Opinion
2394
December 3, 2002.
Judgment, Supreme Court, New York County (John Bradley, J.), rendered November 8, 2000, convicting defendant, after a jury trial, of robbery in the third degree and grand larceny in the fourth degree, and sentencing him, as a second felony offender, to concurrent terms of 2 to 4 years and 1½ to 3 years, respectively, unanimously affirmed.
Susan Gliner, for Respondent.
Lisa Lewis, for Defendant-appellant.
MAZZARELLI, J.P., ANDRIAS, SAXE, SULLIVAN, ROSENBERGER, JJ.
The court properly admitted a tape recording of a 911 call by the victim's sister as both a present sense impression and an excited utterance. Contrary to defendant's argument, the record establishes that the victim's sister personally observed the events she reported. Although she did not see defendant stealing the victim's wallet, which occurred inside a store, she testified that she saw part of the wallet sticking out from defendant's pants pocket and observed the victim following defendant out of the store begging for defendant to return it to her. In addition to being based upon first-hand observation of the events, the 911 call satisfied all the remaining requirements for admission under the present sense impression and excited utterance exceptions to the hearsay rule, and there was no violation of defendant's right of confrontation (see People v. Buie, 86 N.Y.2d 501; People v. Caviness, 38 N.Y.2d 227, 230-231; see also United States v. Jones, 299 F.3d 103, 113-114).
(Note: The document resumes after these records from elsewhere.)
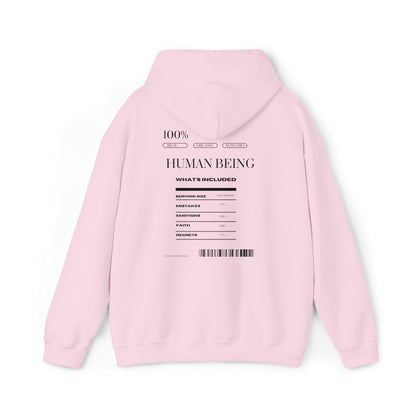 What Makes a Human Hooded Sweatshirt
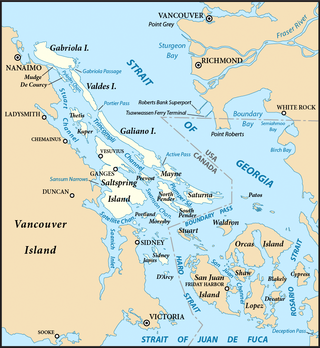<span class="mw-page-title-main">Islands Trust</span> Federation of local governments on islands in British Columbia
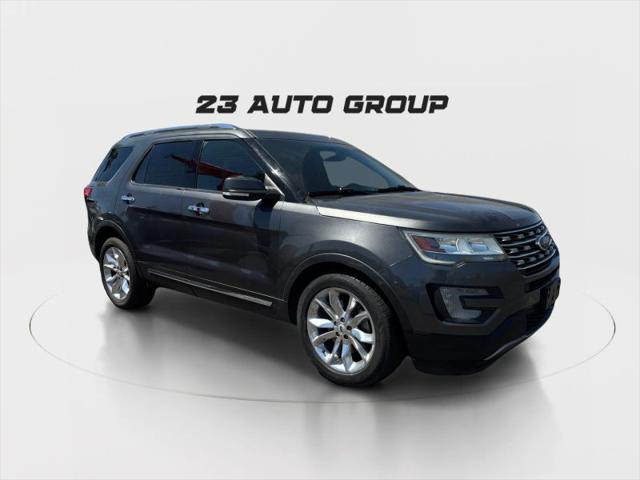 2016 Ford Explorer Limited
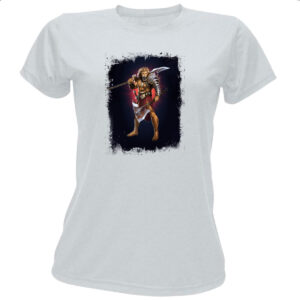 Camiseta Baby Look Empires and Puzzles Heroi Aruna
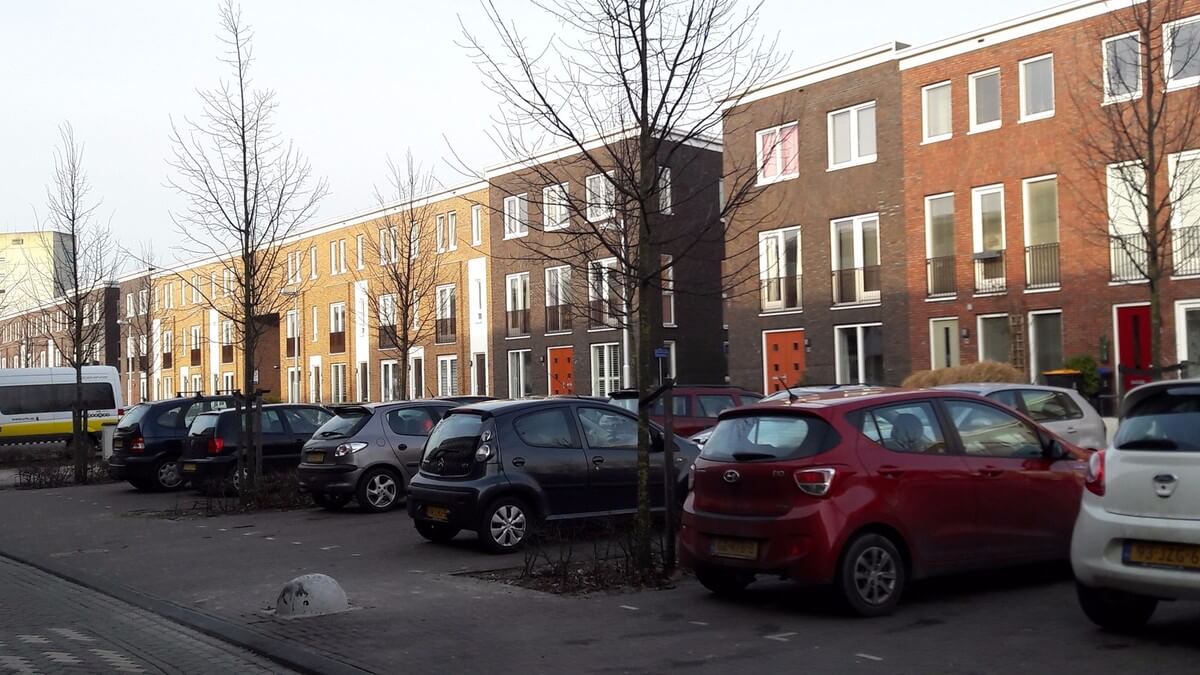 Auto's in Leidsche Rijn. Foto: Nieuws030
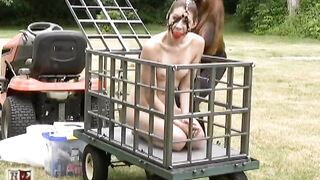 Charlotte Pichard Caged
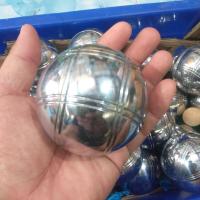 ราคา ส่งไว เปตอง เหล็กแท้ พร้อมลูกแก่นลูกเปตอง พร้อมกระเป๋า ชุด 6 ลูก (17493938528)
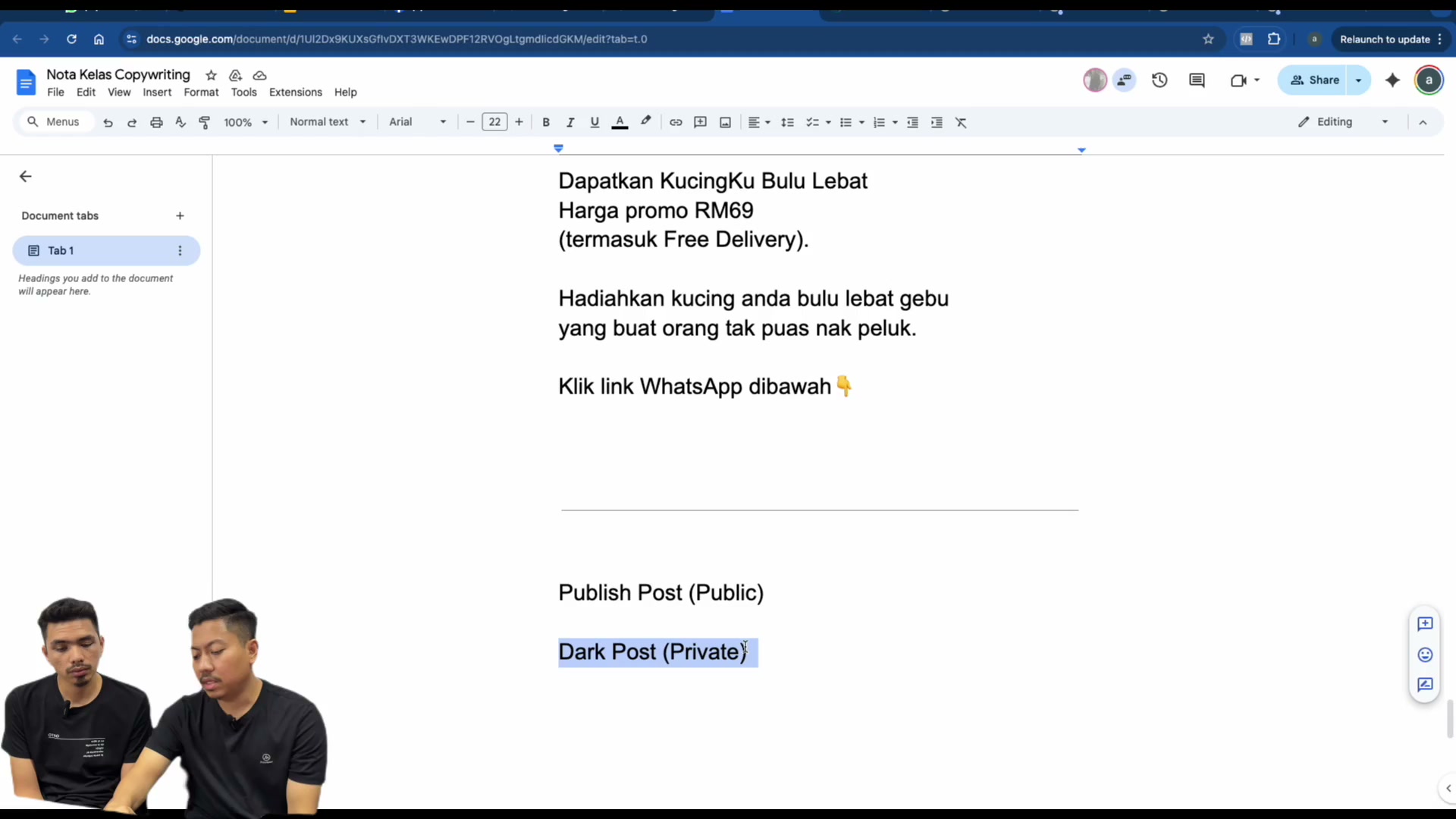 Paparan rakaman pada 00:11:42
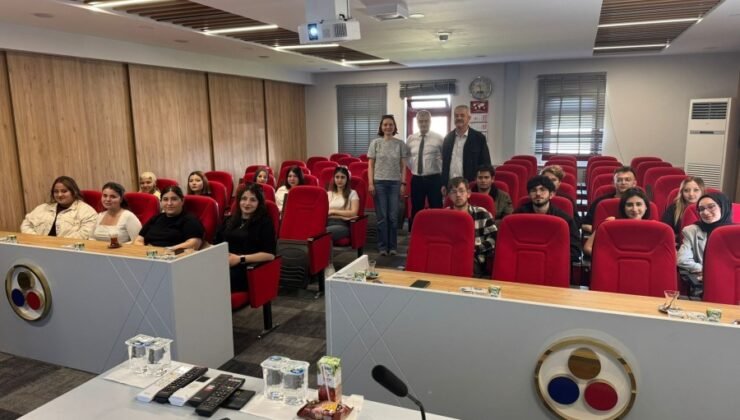 Emet MYO’dan Emet Bor İşletmesine teknik gezi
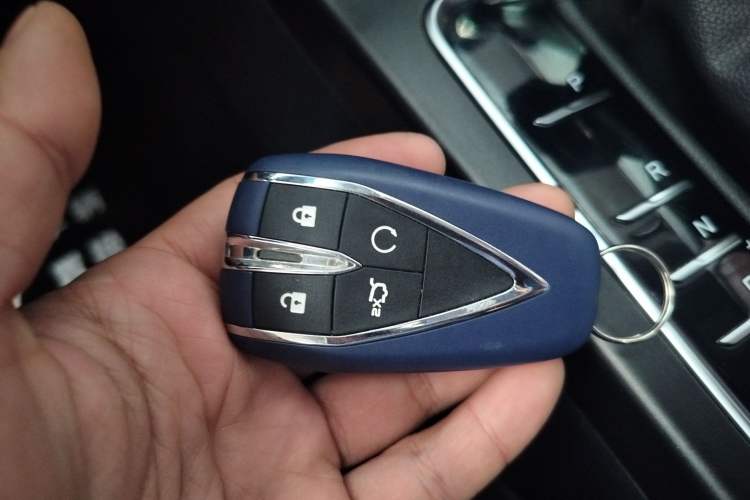 Used CHANGAN CS75 PLUS 2021 1.5T Automatic Luxury Version Interior 1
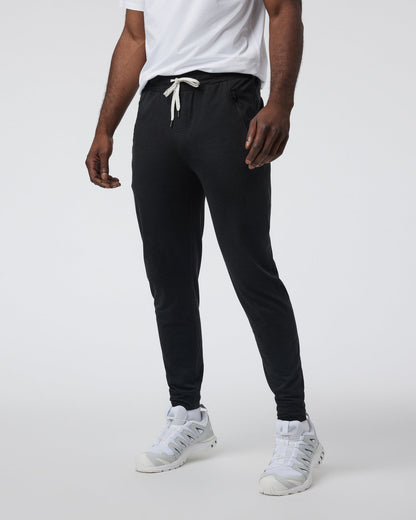 Vuori Ponto Performance Jogger Men's Black Training Pants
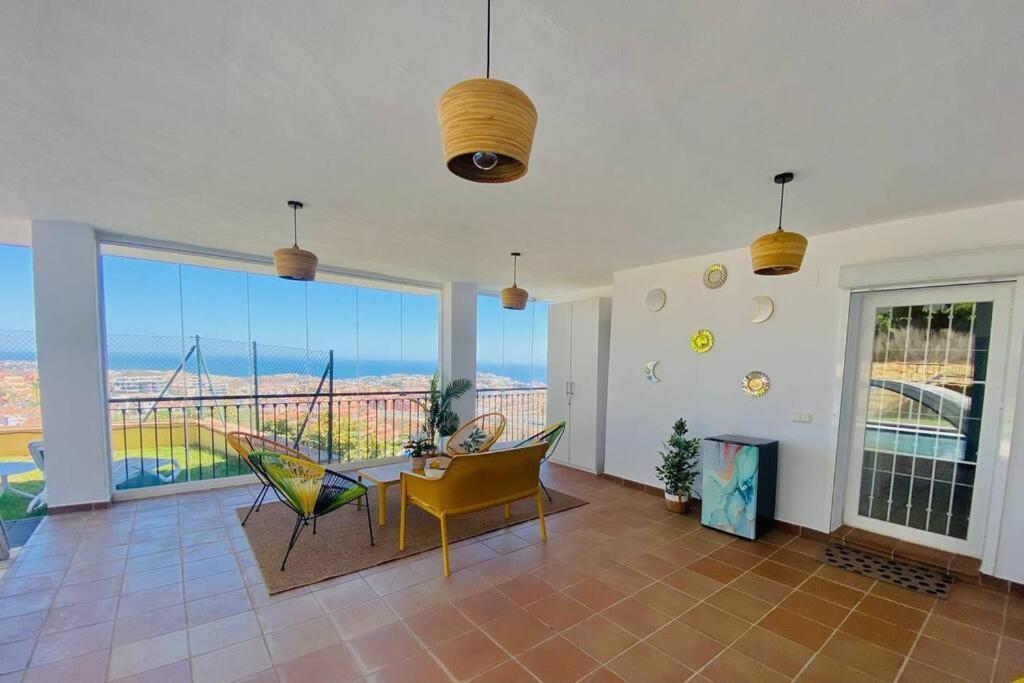 Mirador Panoramic Sea Views - Private Villa ميخاس المظهر الخارجي الصورة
The court properly declined to charge the lesser included offense of petit larceny since there was no reasonable view of the evidence to support that charge (People v. Scarborough, 49 N.Y.2d 364).
Given the direct contradiction between defendant's testimony and that of the People's witnesses, the prosecutor's cross-examination of defendant concerning the nature of that contradiction was permissible (People v. Overlee, 236 A.D.2d 133, 139, lv denied 91 N.Y.2d 976).
There was a sufficient foundation for the prosecutor's cross-examination of defendant and summation comments concerning the absence of a potential defense witness, and there was no shifting of the burden of proof (see People v. Tankleff, 84 N.Y.2d 992, 994-995).
Defendant's remaining contentions are unpreserved and we decline to review them in the interest of justice. Were we to review these claims, we would reject them.
THIS CONSTITUTES THE DECISION AND ORDER OF THE SUPREME COURT, APPELLATE DIVISION, FIRST DEPARTMENT.